With a spy-training that chiefly included watching Bollywood movies, Happy Patel lands in Goa. He speaks Hindi ‘thora thora’ (little, little) in the tone of a British administrator who is willing to forego ‘lagaan’ over a cricket match. The result is often hilarious as he mispronounces normal words to their closest sounding expletives (‘chhat’ (terrace) becomes…). Happy’s aides are the MI7’s “local” coordinator, a Goan rare-bird turbaned-Sikh Geet (the always entertaining Sharib Hashmi), a genre staple tech whizkid Roxy (singer Srushti Tawade) and a dancing girl cum honey-trap Rupa (Mithila Palkar), who reflexively slaps him anytime a romantic moment starts budding between them. Happy Patel has this enticing, comic-booky, Scott Pilgrim-coded energy which is refreshing. Anything that can go bonkers will do. Don’t be surprised if a frail waiter in the film says that he has an OnlyFans account.

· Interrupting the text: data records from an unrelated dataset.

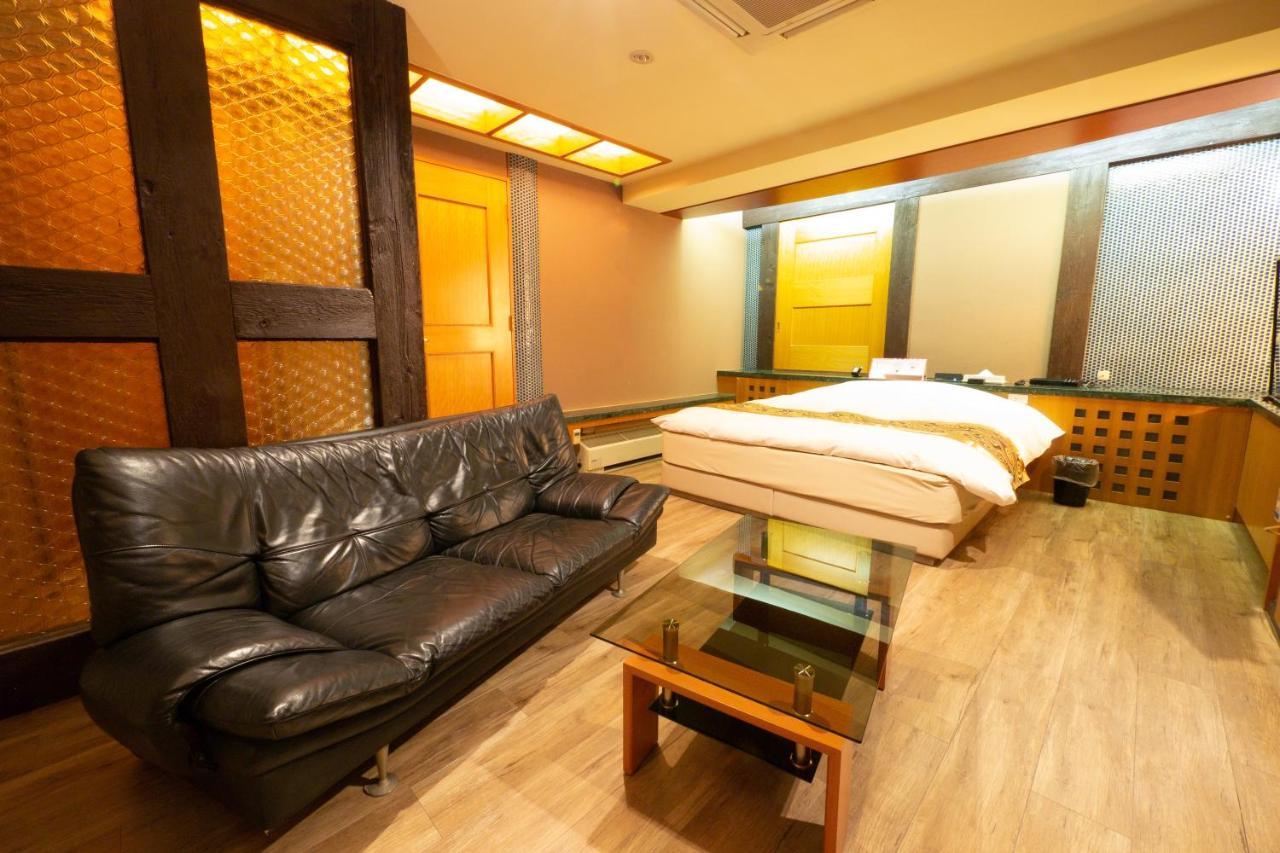 Hotel Rplus日高 (Adults Only) Hidaka  Exterior foto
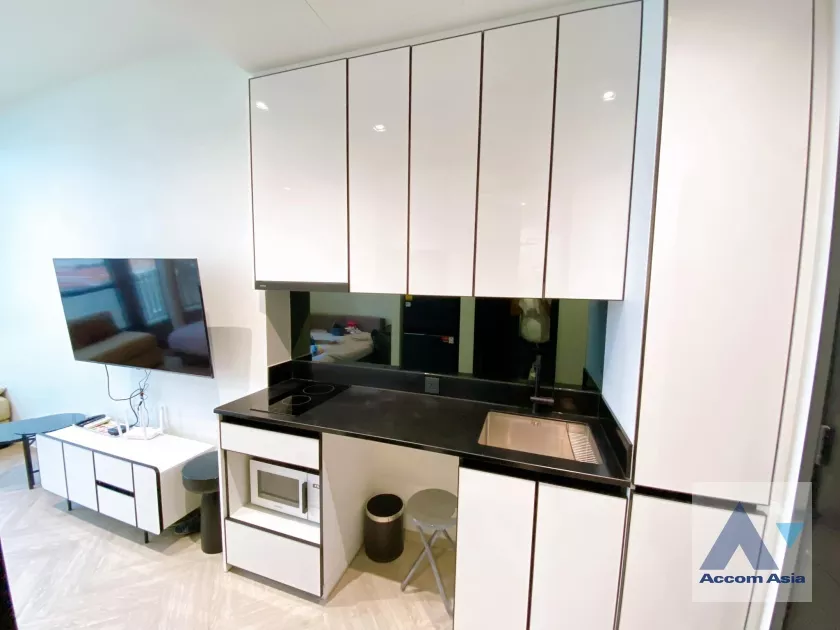  1  Condominium For Rent in Charoen Nakhon ,Bangkok BTS Krung Thon Buri at Chapter Charoennakhon  Riverside AA36839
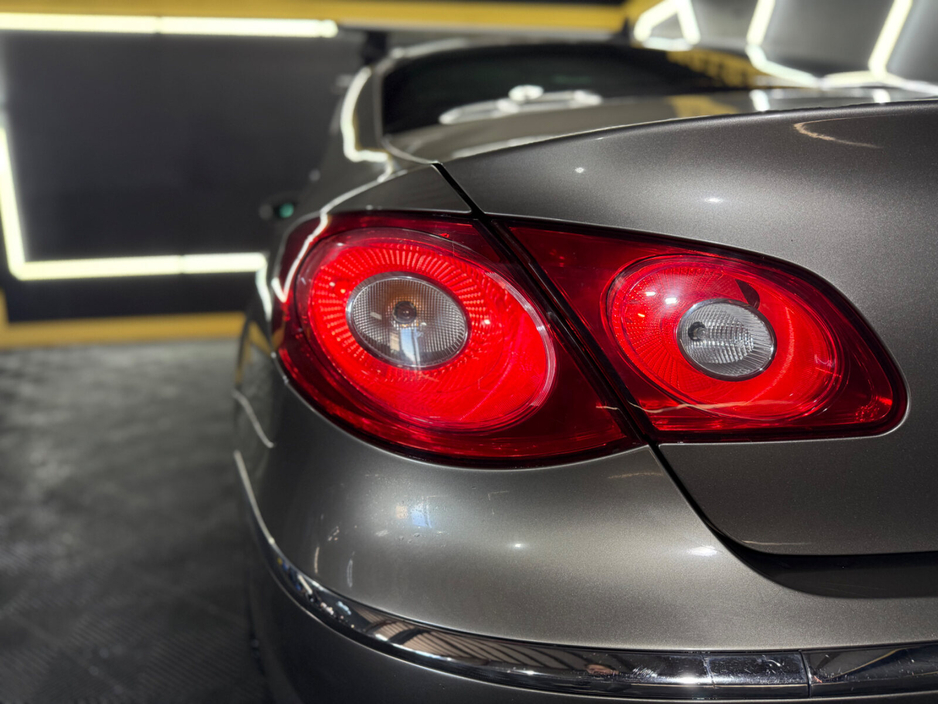 2011 Volkswagen CC - image 11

In times of so much self-censorship, where each thought goes through multiple checks before being expressed, watching Happy Patel feels liberating. Debut directors Vir Das and Kavi Shastri go all guns blazing. The jokes come rat-tat-tat and although the humour doesn’t always hit the mark, the film believes that you miss all the shots you don’t take. There are both meta and Modi references and a certain actor gets to do action on ‘Pappu can’t dance saala’Happy Patel is Delhi Belly (2011) on drugs and Madgaon Express (2024) if they all ultimately decided not to hide but to snort the cocaine.

But how crazy is too much crazy? The film has a thin plot and quickly becomes a nonsensical sensory experience that jumps from one sketch piece to another. It is bold and experimental but with too many chemical mixes there is always a risk that the beaker might just burst. Happy Patel often trades coherence for wackiness. It gets desperate enough to resort to fart jokes. You laugh but you don’t know if you are laughing with the film or at all the absurdities that are unfolding. Humour is subjective and the film is certainly not everybody’s cup of tea. It’s like dipping a cutlet in that tea. One might consider it disgusting, some might call it an acquired taste.